先日、ひろ矯正歯科に初診相談でいらっしゃった方は、子供が一般歯科でアゴを拡げる治療が必要だと言われたが、本当に必要でしょうか、と、セカンドオピニオンを求めて来られました。
患者さんは 6才の男の子で、お口の中は、まだ6才臼歯は1本も生えておらず、歯列も狭窄していません。
拡大の必要など全くありません。
成長発育の基本的な知識も持たず、この時期で拡大を勧めるなどとは、一体その歯科医師は何を考えているのかと、憤りさえ覚えました。
お母さんには、その年齢で拡大治療など不要であること、拡大が必要なのはどうゆう場合か、アゴの発達と成長のピークについて、拡大の危険性、今後はどうしたら良いか等々を御説明致しました。
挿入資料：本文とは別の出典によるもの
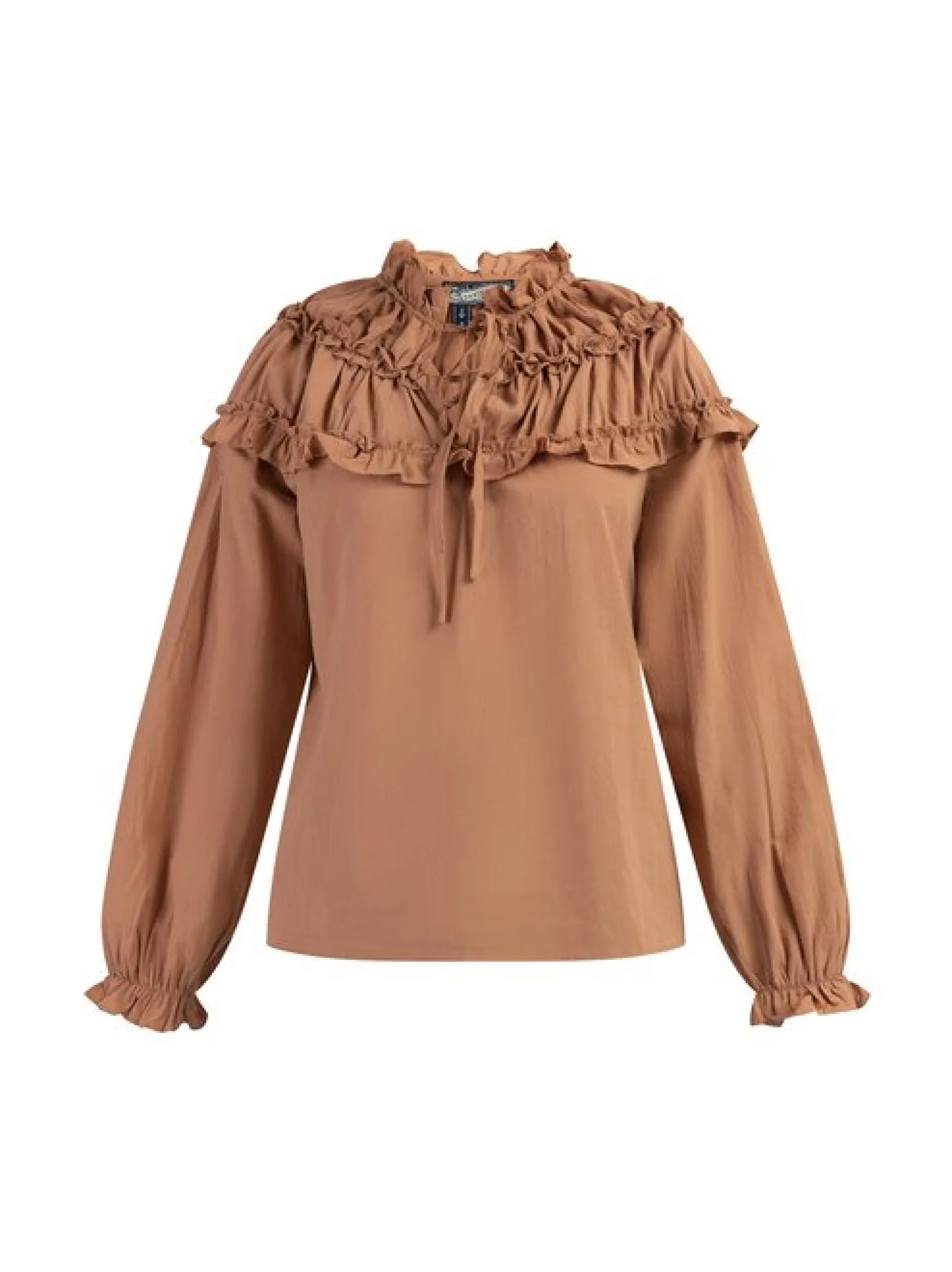 Dreimaster Damen Bluse in braun - Ausschnitt: Envelope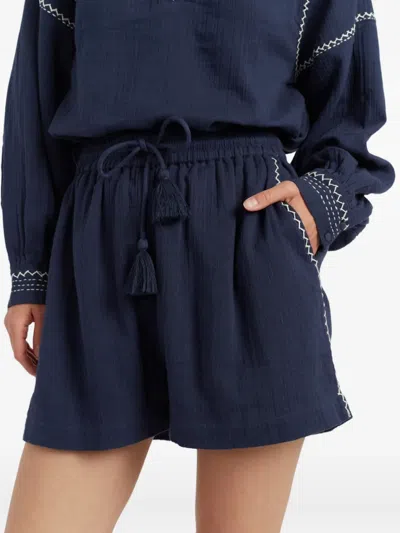 Chinti & Parker Embroidered Drawstring Shorts In Blue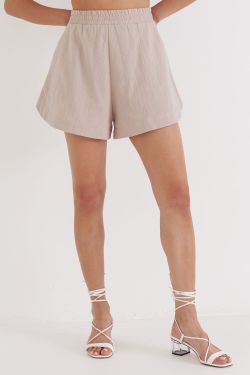 Шорты из вареного хлопка цвета какао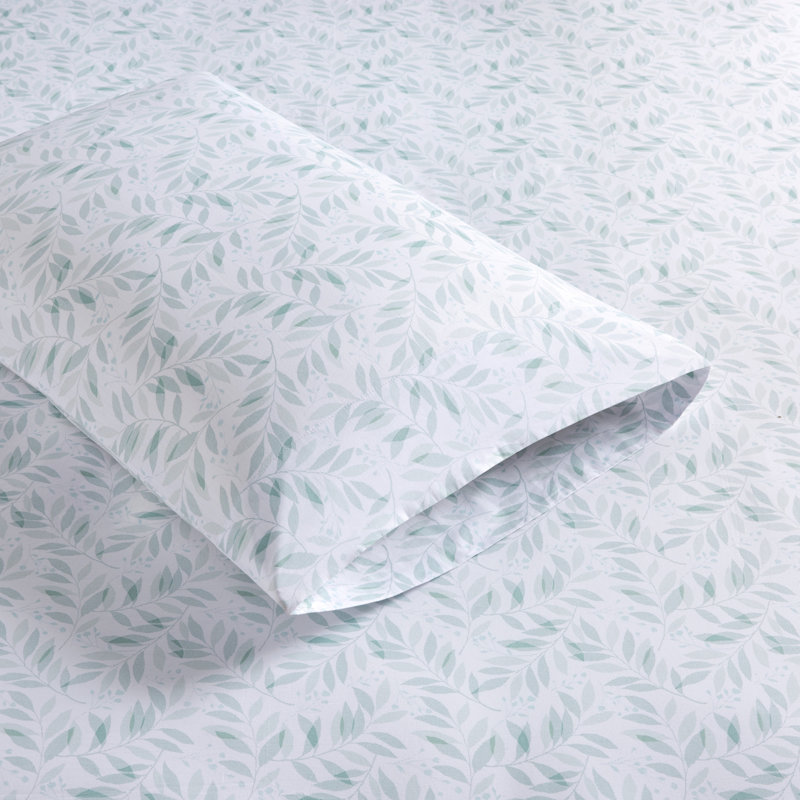 Queen Green Leaves Cotton Percale Sheet Set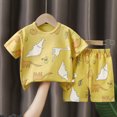 thumbnail image 2 of KPOPLK Toddler Boy Summer Outfits Baby Boy Animal Print Short Sleeves T-Shirt Plaid Shorts Set Infant Boy Clothes Set(4-5 Years,Yellow), 2 of 6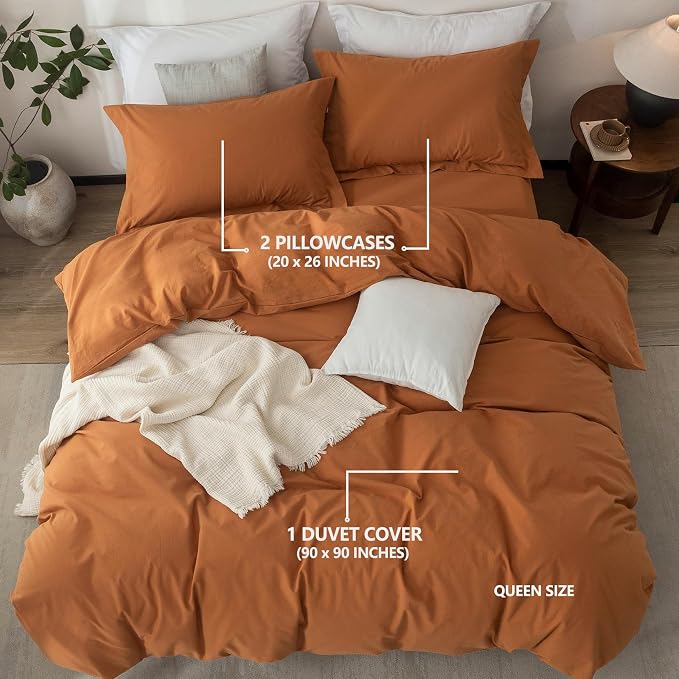 Linen Feel Duvet Cover Queen Size 90inch x 90inch,100% Washed Cotton Duvet Cover with Zipper Closure and 2 Pillowcases, Color of Burnt Orange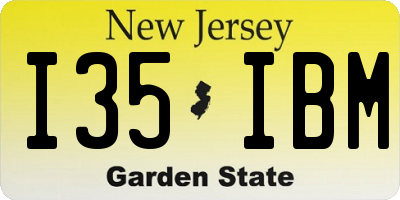 NJ license plate I35IBM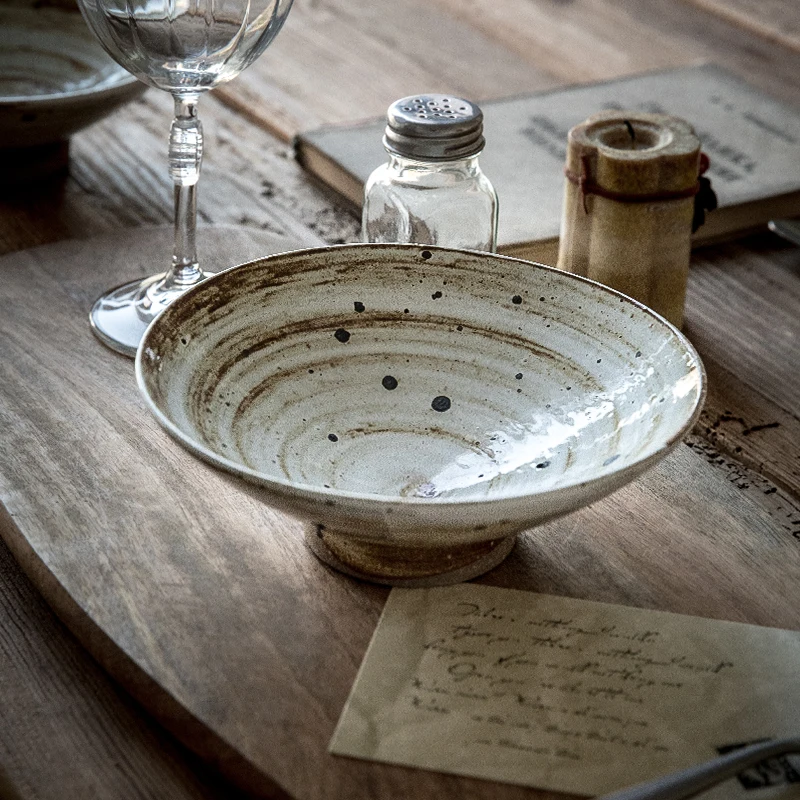 

Handmade Coarsetta 6.5-inch Soup Bowl Home Ramen Bowl Japanese Ramen Bowl Vintage Tableware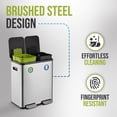 thumbnail image 4 of Simpli-Magic 16 Gallon (30L x 30L) Dual Compartment Step Trash Can, Multiple Colors – Kitchen Garbage Can with Slow-Close Lids – Waste & Recycling Bins, Odor Control, Hands-Free, Easy to Clean, 4 of 10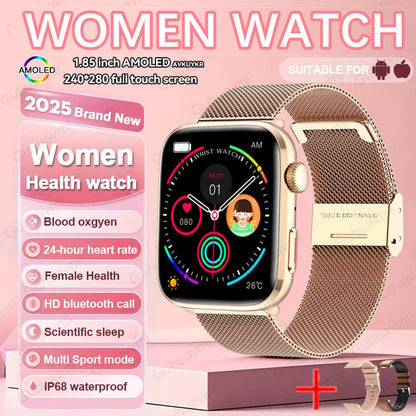 Xiaomi Smartwatch für Damen 2025 – Gesundheitsuhr mit Blutdruck, HRV, Sauerstoff & AI-Diagnose – AMOLED Touch – IP68 wasserdicht – NFC & Bluetooth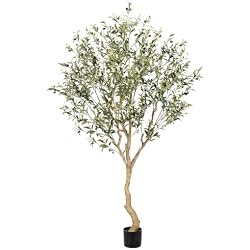 Realead 7FT Olive Trees Artificial Indoor - Tall Faux Olive Tree 7 Feet | Artificial Olive Tree with Realistic Leaves, Natural Trunk, Sturdy Base - Large Fake Olive Tree for Modern Home Office Decor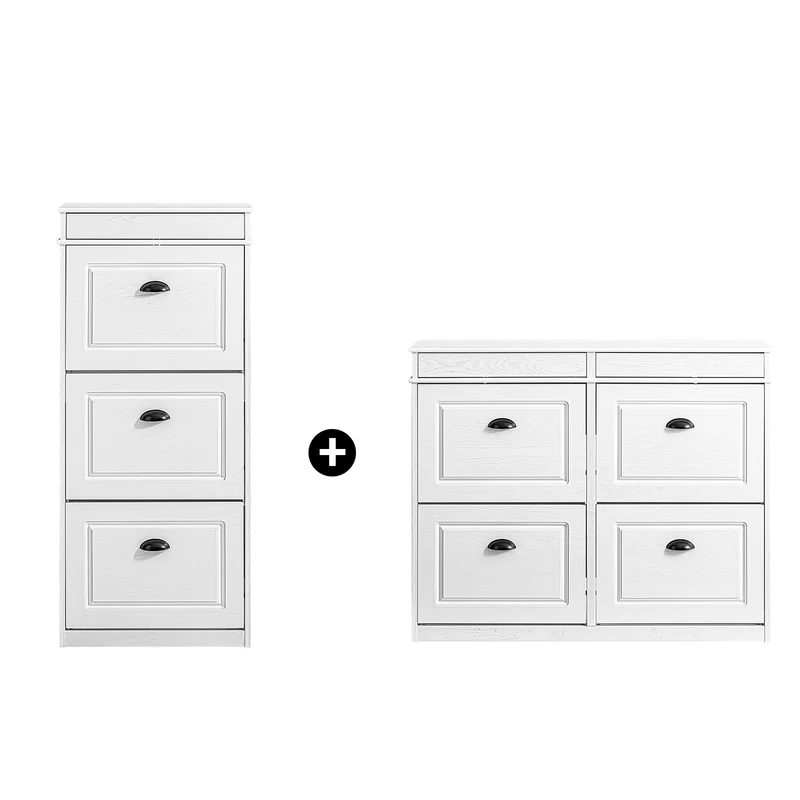 SoBuy FSR79-WG + FSR94-WG Lot de 2 Meubles à Chaussures Slim 28 Paires – Entrée Familiale XXL – Effet Bois Blanc Certifié FSC®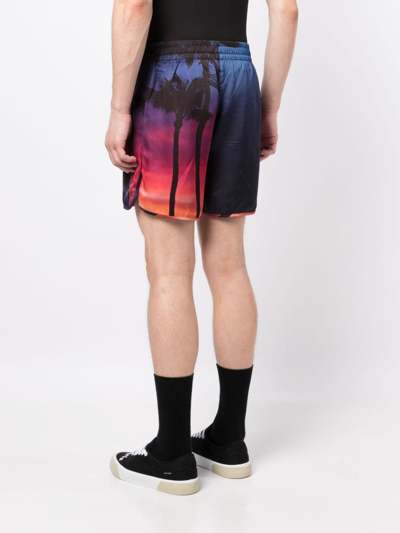 Blue Sky Inn Graphic-print Elasticated-waist Shorts In Blue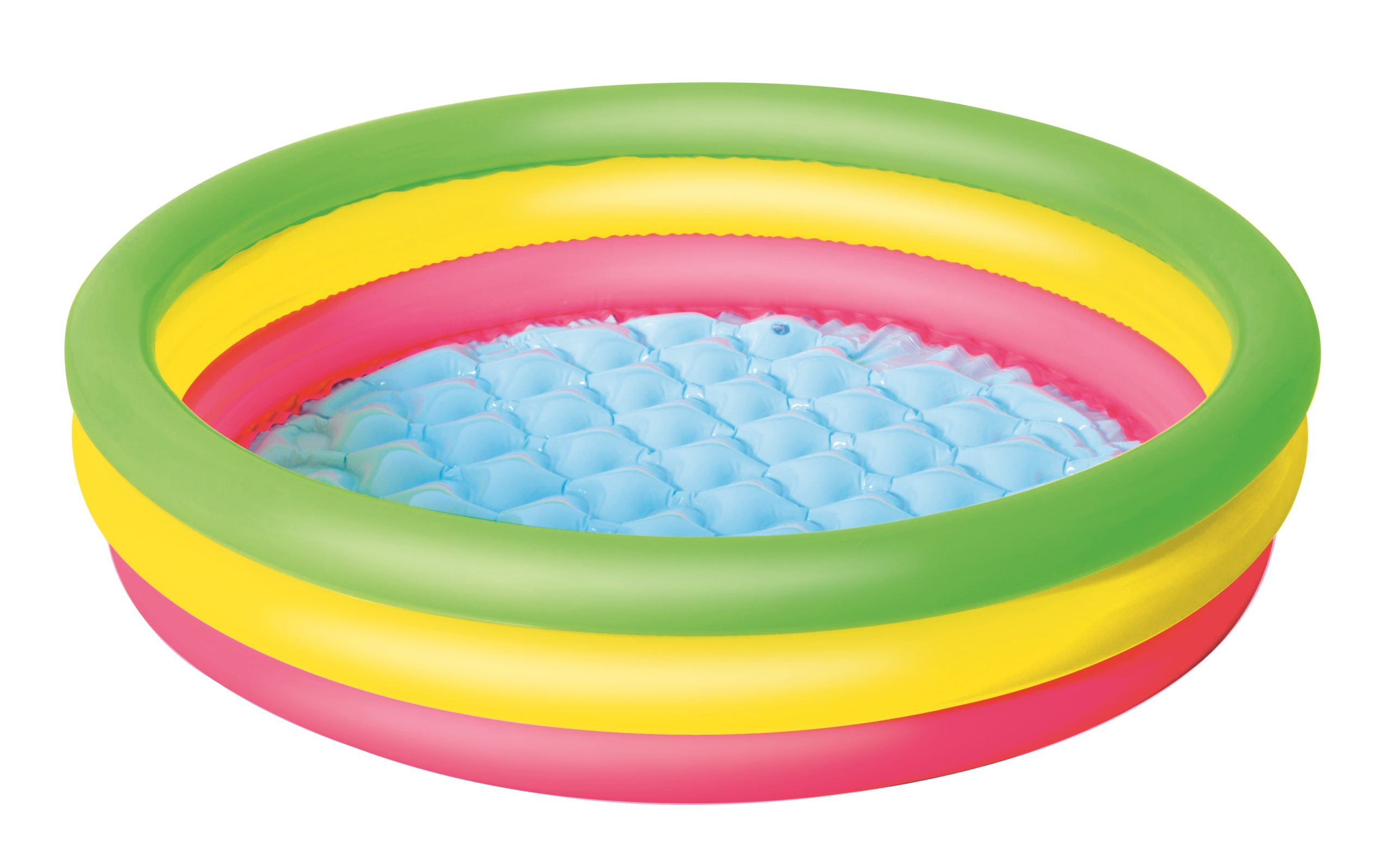 Una piscina inflable con tres anillos de colores: verde, amarillo y rosa. El fondo es azul.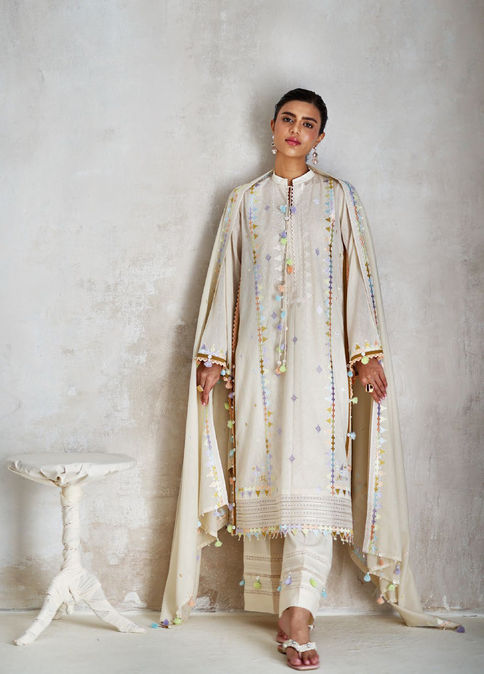 Ivory Pastel Embroidered Kurta Set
私達医師・歯科医師は、患者さんの疾病を治療をして診療報酬を頂くのであり、お金欲しさに必要の無い治療・間違った治療を受けさせて患者さんを食い物にするなどとはとんでもないことで、こんなデタラメな歯医者は歯科医師免許を取り上げて欲しいと思います。
近東学会で講演を聴いた後は、うちの長男に連絡をとり、前から行きたかった Dancing Crabで食事をしました。
机の上に大きな紙を敷いて、その上に直接料理をぶちまけて食べます。
じつは、うちの長男、この春 大阪大学の歯学部に入学しましたので、大阪におります。
全国で50余名の狭き門、オヤジは馬鹿だが、子供はよく頑張ったと喜んでいましたが、入学して半年、大学生活も楽しいし、友達も一杯出来たけど、幼い頃からの夢である映画の道がどうしても諦められないから大学を休学したい、とのこと。
自分の人生、自分の好きなように生きれば良いよ、と話し、現在休学して映画に打ち込んでいます。
ただ、人生の先輩としてアドバイスをするならば、「学歴やライセンスは機会を逃したら取れない」、そして、「一度逃したチャンスは、二度とやって来ない」ということです。
日本一の阪大歯学部で勉強させて貰える人は、毎年日本中で50名程度しか居ないので、大切に!
ひろ矯正歯科の患者さんにも、受験を控えている方が多いです。
夏休みが終わって、追い込みですね。
目標を少し高く持って、頑張ってください。